Sekilas Hikayat Lambung Mangkurat
Menurut
hikayat Lambung Mangkurat, Negaradipa (cikal bakal Kerajaan Banjar) didirikan
oleh Empu Jatmika, anak saudagar Mangkubumi dari Keling. Ia meninggalkan Keling
menggunakan kapal besar bernama si Prabayaksa, diiringi oleh para pengikut
setianya Tumenggung Tatahjiwa, Arya Megatsari, dan juru bahasa Wiramartas yang
pandai berbagai macam bahasa.
Perjalanan
mereka memasuki sungai Barito dan sungai Nagara. Amanat yang dibawa oleh Empu
Jatmika dari ayahnya adalah mereka harus
menemukan tanah baru dan menetap disana apabila tanah tersebut berbau harum
seperti bau pandan. Daerah yang ditemukan adalah pertemuan sungai Nagara dengan
sungai Amuntai, disitulah mereka mendirikan sebuah candi dengan gelar Maharaja
di Candi. Negaradipa merupakan kerajaan Hindu pertama di Kalimantan Selatan
diperkirakan berdiri sekitar abad ke-13. Penduduk asli Negaradipa terdiri dari
etnis Ngaju, Maanyan, dan Bukit.
Kerajaan
Negaradipa selanjutnya berpindah menjadi Negara Daha, ini merupakan kerajaan
Hindu terakhir di Kalimantan Selatan.

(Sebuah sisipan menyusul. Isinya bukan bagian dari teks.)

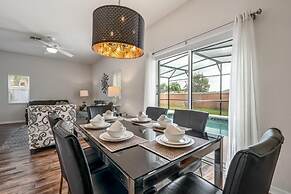 Remodeled Gem - Comfort and Location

Kemudian pada abad 16 muncul kerajaan
Islam Banjar yang menjadi awal pesatnya perkembangan agama Islam dan kemajuan
dalam dunia perdagangan dengan Banjarmasin sebagai pusatnya. Penduduk di
Kerajaan Banjar sangat dipengaruhi oleh unsur-unsur Melayu.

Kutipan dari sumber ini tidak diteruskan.